Input: X = “ABCD”, Y = “ACDBDCD”
Output: ACD
Explanation:
“ACD” is longest subsequence of X which is substring of Y.

Input: X = A, Y = A
Output: A

Naive Approach: The simplest approach to solve the given problem is to find all the subsequences of the given string X and print that subsequence among all the generated subsequences which is of maximum length and is a substring of Y.
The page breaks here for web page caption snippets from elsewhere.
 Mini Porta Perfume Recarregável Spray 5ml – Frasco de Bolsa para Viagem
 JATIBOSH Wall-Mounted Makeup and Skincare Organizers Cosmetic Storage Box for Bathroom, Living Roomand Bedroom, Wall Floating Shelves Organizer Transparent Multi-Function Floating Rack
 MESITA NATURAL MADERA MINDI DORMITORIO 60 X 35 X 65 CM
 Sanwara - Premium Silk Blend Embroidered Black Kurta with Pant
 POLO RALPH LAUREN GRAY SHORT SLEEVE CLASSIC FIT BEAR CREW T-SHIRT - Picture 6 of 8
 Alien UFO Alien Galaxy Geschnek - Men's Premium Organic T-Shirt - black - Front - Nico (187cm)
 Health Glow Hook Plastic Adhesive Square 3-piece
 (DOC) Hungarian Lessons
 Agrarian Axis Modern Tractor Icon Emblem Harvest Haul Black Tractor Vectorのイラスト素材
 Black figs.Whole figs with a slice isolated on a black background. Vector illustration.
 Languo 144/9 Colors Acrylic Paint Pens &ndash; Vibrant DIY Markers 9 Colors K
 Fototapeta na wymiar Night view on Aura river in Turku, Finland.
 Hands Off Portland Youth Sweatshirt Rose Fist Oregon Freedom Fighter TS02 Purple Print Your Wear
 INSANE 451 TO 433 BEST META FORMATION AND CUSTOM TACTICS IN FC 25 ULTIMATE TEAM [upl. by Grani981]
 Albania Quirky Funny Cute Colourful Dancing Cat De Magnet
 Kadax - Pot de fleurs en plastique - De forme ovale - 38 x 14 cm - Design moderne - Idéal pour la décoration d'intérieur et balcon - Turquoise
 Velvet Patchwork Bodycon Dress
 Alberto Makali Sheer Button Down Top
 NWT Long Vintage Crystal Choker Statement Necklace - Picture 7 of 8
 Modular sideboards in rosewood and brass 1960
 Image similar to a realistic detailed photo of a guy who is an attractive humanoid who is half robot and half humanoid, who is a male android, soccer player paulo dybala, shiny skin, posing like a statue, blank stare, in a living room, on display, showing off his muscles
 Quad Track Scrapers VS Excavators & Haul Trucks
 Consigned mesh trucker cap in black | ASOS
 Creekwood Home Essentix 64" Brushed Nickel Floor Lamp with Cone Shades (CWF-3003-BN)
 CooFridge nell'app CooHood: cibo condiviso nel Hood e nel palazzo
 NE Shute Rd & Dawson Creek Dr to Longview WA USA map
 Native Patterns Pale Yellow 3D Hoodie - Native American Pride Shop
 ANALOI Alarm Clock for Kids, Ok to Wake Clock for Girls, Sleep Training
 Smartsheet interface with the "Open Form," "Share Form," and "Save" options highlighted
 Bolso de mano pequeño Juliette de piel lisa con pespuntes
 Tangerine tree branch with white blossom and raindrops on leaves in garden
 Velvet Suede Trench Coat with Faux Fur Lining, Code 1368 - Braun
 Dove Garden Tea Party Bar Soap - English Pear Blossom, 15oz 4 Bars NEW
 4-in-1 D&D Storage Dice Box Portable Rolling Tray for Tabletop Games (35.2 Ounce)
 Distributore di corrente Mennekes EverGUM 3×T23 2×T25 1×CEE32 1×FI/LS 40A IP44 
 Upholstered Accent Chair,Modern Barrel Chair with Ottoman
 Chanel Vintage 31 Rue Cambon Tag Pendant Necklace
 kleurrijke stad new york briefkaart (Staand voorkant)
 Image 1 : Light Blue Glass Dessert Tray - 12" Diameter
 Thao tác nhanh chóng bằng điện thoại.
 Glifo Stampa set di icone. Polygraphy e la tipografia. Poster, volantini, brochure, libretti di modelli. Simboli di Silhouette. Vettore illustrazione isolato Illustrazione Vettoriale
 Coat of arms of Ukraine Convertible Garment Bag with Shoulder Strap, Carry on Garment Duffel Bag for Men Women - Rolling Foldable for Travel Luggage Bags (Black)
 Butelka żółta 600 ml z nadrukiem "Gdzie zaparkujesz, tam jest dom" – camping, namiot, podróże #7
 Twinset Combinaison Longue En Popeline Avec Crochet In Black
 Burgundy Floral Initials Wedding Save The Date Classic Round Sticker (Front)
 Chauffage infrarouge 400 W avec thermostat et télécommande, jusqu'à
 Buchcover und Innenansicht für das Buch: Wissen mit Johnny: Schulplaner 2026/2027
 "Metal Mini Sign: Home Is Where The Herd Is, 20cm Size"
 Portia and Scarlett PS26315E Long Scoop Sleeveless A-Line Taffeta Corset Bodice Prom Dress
Time Complexity: O(N*M*2N)
Auxiliary Space: O(N)

Efficient Approach: The above approach can also be optimized by using Dynamic Programming. The idea is to create a 2D array, dp[][] of dimensions (N + 1)*(M + 1) and the state dp[i][j] is maximum length of subsequence of X[0, i] which is substring of Y[0, j]. Follow the steps below to solve the problem: 

  • Create a 2D array, dp[][] of size N+1 rows and M+1 columns.
  • Initialize the first row and the first column of the matrix with 0.
  • Fill all the remaining rows as follows:
    • If the value of X[i – 1] is equal to the value of Y[j – 1], then update the value of dp[i][j] to (1 + dp[i – 1][j – 1]).
    • Otherwise, update the value of dp[i][j] to dp[i – 1][j].
  • Store the maximum length of the required sequence in a variable len by iterating the last row in the matrix and store the row and column index of the maximum cell value in variables i and j respectively.
  • Create a variable, say res to store the resultant string and backtrack from the maximum cell value.
  • Iterate until the value of len is greater than 0, and perform the following steps:
    • If the value of X[i – 1] is equal to the value of Y[j – 1], then append X[i – 1] to res and decrement the value of len, i and j by 1.
    • Otherwise, decrement the value of i by 1.
  • After completing the above steps, print the string res as the result.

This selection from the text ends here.